→ **The problem**
The listing below should be written out word for word, with its pictures removed.

→ **Dataset section**
^^^^^^^^

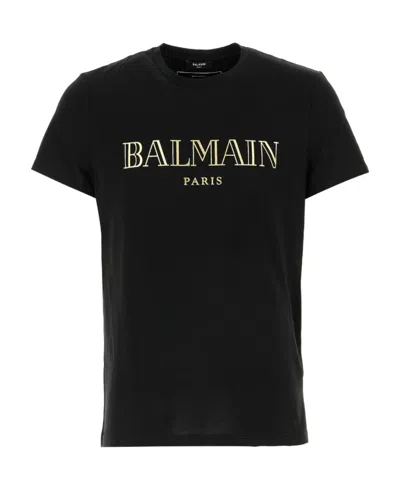 Balmain Logo Printed T-shirt In Black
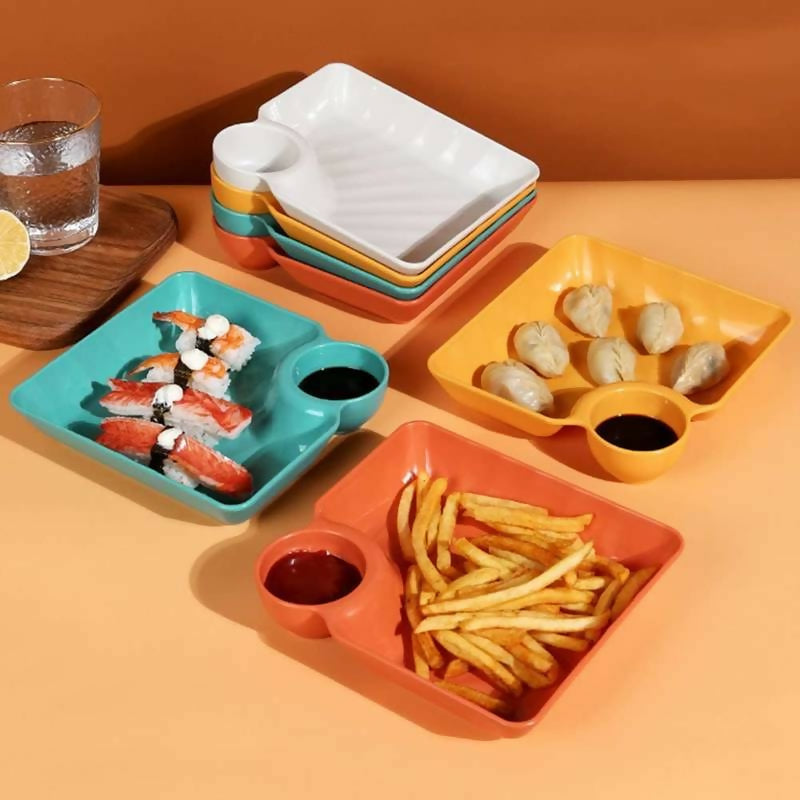 4 Pcs Snack Plate Set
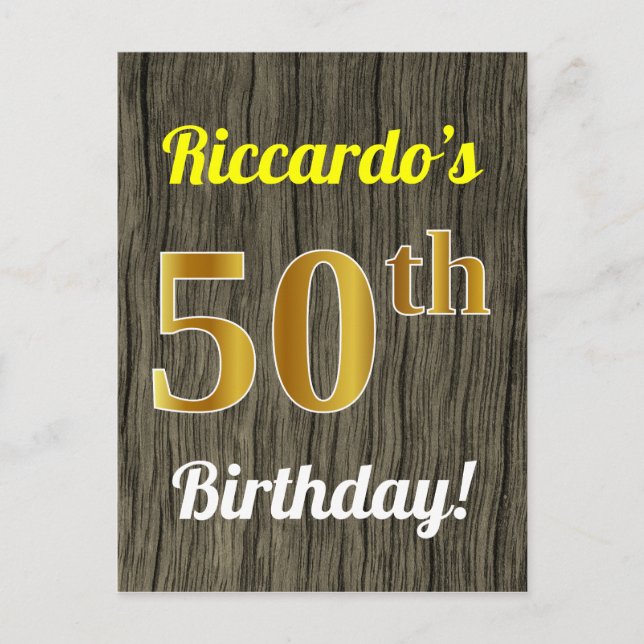 Imitate Holz, Imitate Gold 50. Geburtstag & Indivi Postkarte (Vorderseite)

^^^^^^^^

→ **Solution to this task**
 Balmain Logo Printed T-shirt In Black
 4 Pcs Snack Plate Set
 Imitate Holz, Imitate Gold 50. Geburtstag & Indivi Postkarte (Vorderseite)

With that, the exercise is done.